As suas ideias políticas iam sempre ter a uma fonte metapolítica – um cristianismo exigente, ortodoxo, onde a letra da lei procurava sempre o espírito do Sermão da Montanha. Não tinha nada a ver com o cristianismo bonzinho e fácil da porta larga, mas ainda menos com o dos que se sentem senhores das portas do Céu e em nome desse senhorio excluem e desprezam os ‘indignos’.
Essa fé viva, animada por uma oração e uma prática constantes, inspirava o seu pensamento social, uma exigência funda de justiça que não era a caridade bem ordenada e doseada dos convidados ociosos da existência, nem a solidariedade dos tecnocratas do ‘combate à exclusão’.
Era um justicialismo exigente, um cristianismo social, em que procurava servir o próximo, no realismo do estudo das situações de pobreza e de carência que conhecia e procurava conhecer de perto – como directora da Maternidade Alfredo da Costa, como provedora da Santa Casa da Misericórdia, como vereadora da Câmara de Lisboa.
Era a sua forma realista, prática, política, de pôr de pé aqueles sonhos justicialistas da nossa adolescência nacional-revolucionária, alimentada na Política, na Cidadela, nos textos dos nossos mártires políticos, da nossa utopia de Cidade Perfeita, pelo menos tão generosa e tão quimérica como qualquer uma das outras.
Outra utopia da nossa adolescência – a do Império português fraternal, o quinto império multiracial de quatro continentes – reconverteu-a e ajudou-me a reconvertê-la numa paixão profunda pelo mundo que ela conhecera português e que continuou a amar nessa África lusófona e difícil, onde tantos amigos profundos fizemos, entre velhos conhecidos e ex-inimigos.
Estes últimos meses, com um diagnóstico equivalente a uma sentença de morte – pelo menos à luz do estado das ciências médicas que ela respeitava –, mostraram, numa terrível prova de fogo, o que já sabíamos: que nela a teoria era verdade e coerência, que era capaz de viver e de morrer de acordo com os princípios e as normas que proclamara como certos.
Primeiro, não teve medo.

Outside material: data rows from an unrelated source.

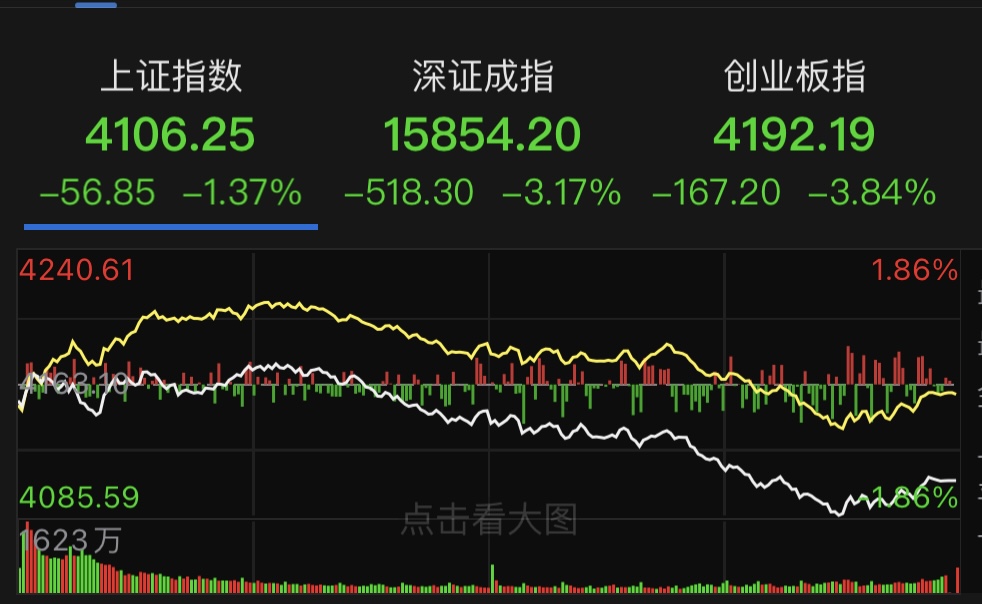 图片4.jpg 图片4.jpg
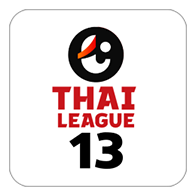 Thai League 13 (TH)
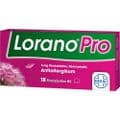 LORANOPRO 5 mg Filmtabletten – Bild 2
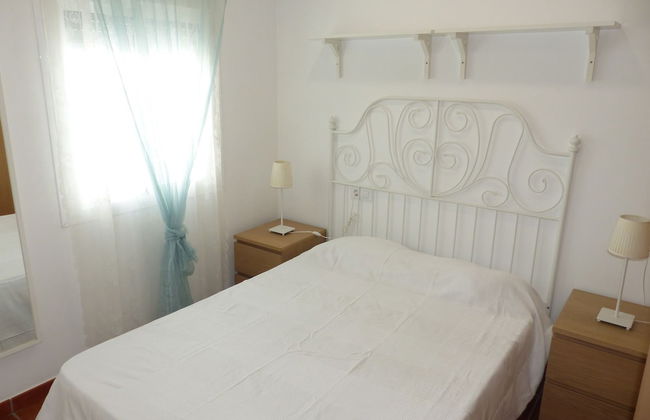 Altamar - Foto 2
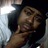 cheyenne carter - @prettboi88 - Twitter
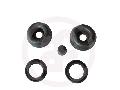 Zestaw naprawczy, cylinderek hamulcowy do BMW, D3080, SEINSA AUTOFREN w ofercie sklepu e-autoparts.pl 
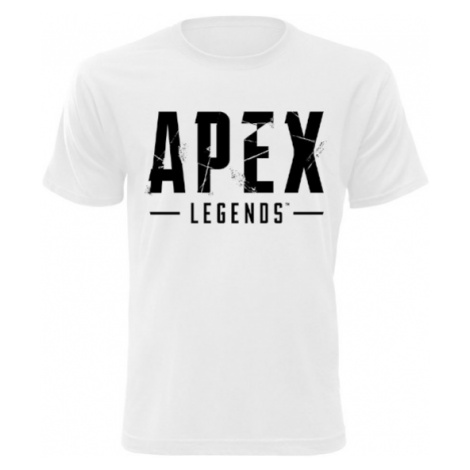 Tričko JRC - Apex Legends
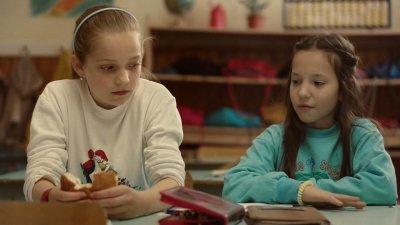 亦偶-浅析《校合唱团的秘密》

Aliás, em toda a vida nunca lhe vi medo, senão quando alguma coisa de grave ameaçou os nossos filhos. Aqui também não. O Cristo das Bem-Aventuranças em que sempre acreditou, o amigo de Lázaro, não a abandonou. Fez tudo o que tinha de ser feito para tratar-se, submeteu-se disciplinada e animosamente à dureza dos tratamentos, à procura de alternativas. Com uma serenidade, uma doçura, uma preocupação de não nos preocupar ou sequer de nos ocupar muito.
Foi estóica e heróica, mas a sorrir, lúcida, sem ressentimento nem revolta, aceitando o que achava que agora lhe era exigido. E mantendo todas as rotinas da normalidade, das suas ocupações: indo ao Parlamento, fazendo campanha eleitoral, estando nos debates da televisão, na rádio, nos jornais, nas instituições onde colaborava, com toda a normalidade.
Quando nos conhecemos e nos primeiros anos de casados jogávamos muitos jogos – de cartas, o Risk ou jogo da Guerra, o Monopólio, a Bolsa. E às vezes também, por curiosidade, a mãe de todos esses jogos – o Jogo da Glória, originalmente o Gioco dell’Oca ou Jeu de l’Oie. Tínhamos, vinda não sei donde, uma versão d’Épinal, com bonecos do século XIX, que desapareceu.O jogo tem 63 casas com prémios e penalidades e, para ganhar, é preciso acertar mesmo na casa 63. Na casa 58 está a morte – e quem, ao chegar perto do fim, lá cai, tem de voltar ao princípio.
As minhas filhas dizem-me que a Zezinha queria deixar um ‘jogo da glória’ da sua autoria, para eu interpretar. Não apareceu, por enquanto. Mas vou, com ‘extrema atenção’, interpretar os sinais que ela deixou nestas 59 casas.